Le procès-verbal est ainsi annulé, mais la procédure a continué, au grand dam des conseils de l’ancien édile de la capitale. Or, à en croire ces derniers, tous les actes subséquents devaient être annulés et Khalifa Ababacar Sall libéré. Les conseils s’étaient plus tard pourvus en cassation, mais sans succès. Le verdict rendu en première instance fut confirmé et le débat sur le règlement n°5 jeté aux calendes grecques. Plusieurs mois après cette affaire de la caisse d’avance de la mairie de la capitale, revoilà le même tribunal de Dakar qui rend une décision un peu aux antipodes de ce qui avait été décidé par le juge Malick Lamotte. Ironie de l’histoire, c’est l’assesseur de ce dernier qui vient de faire un revirement à 180 degrés, si l’on en croit les avis des experts. Motif invoqué : le même règlement n°5 de l’Uemoa. Maitre Bamba Cissé a eu la chance de vivre les deux expériences de l’intérieur. Avocat et de Khalifa et de Thione, il refuse de faire tout parallélisme entre les deux affaires. Se bornant à saluer la décision rendue au bénéfice de son client. Acculé, il finit par admettre que les arguments avancés par la défense ont été les mêmes et que les positions des juges ont varié. Pourquoi ? “Moi, je suis resté constant et ce sont des arguments de droit qui ont, à chaque fois, été avancés. Mais comprenez que je ne peux pas commenter les décisions qui ont été rendues dans ces deux affaires’’.

ÉCLAIRAGE

À en croire cette source judiciaire, “s’il y a une constance, quelque chose qui est claire, c’est que la conséquence du non-respect du règlement n°5 est la nullité de la procédure’’. Mais pourquoi, dans l’affaire de la caisse d’avance, il a été question d’une annulation partielle, alors qu’ici l’annulation est totale ? Notre interlocuteur déclare : “Il ne faut pas tirer de conclusion hâtive. Il faut au moins voir les motivations du juge avant de se faire une idée.’’

Poursuivant, il explique : “L’annulation de ce procès-verbal entraine normalement l’annulation de la procédure subséquente.
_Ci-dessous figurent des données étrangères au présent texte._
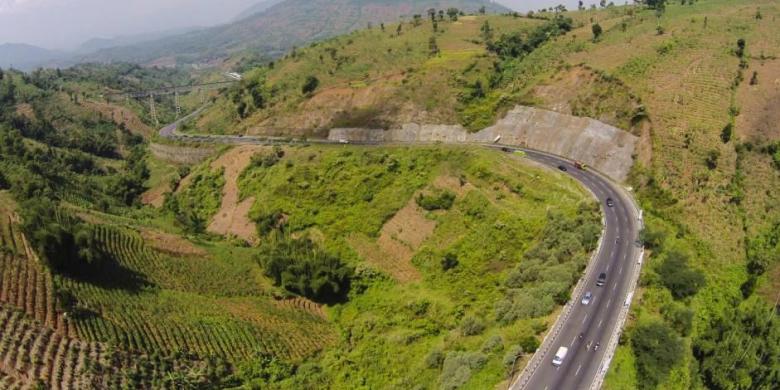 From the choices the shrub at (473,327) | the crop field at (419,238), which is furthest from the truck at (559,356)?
the shrub at (473,327)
Car celle-ci est fondée sur le procès-verbal. Toutefois, si la procédure est fondée, entre autres, sur le Pv et sur d’autres pièces, l’annulation peut se limiter au Pv, mais à condition que les autres pièces puissent justifier cette poursuite de la procédure.’’ Il semble, selon l’expert, que dans le dossier Khalifa Sall, le juge d’appel avait considéré que le rapport de l’Inspection générale d’Etat, qui était à la base des poursuites, pouvait justifier la poursuite de la procédure, nonobstant l’annulation du Pv. Or, analyse-t-il, dans cette affaire du musicien chanteur Thione Ballago Seck, il se pourrait que les poursuites soient uniquement basées sur le Pv. Dans tous les cas, il y a lieu de mettre de l’ordre dans ce qui ressemble à une pagaille qui conforte l’idée d’une justice à plusieurs vitesses.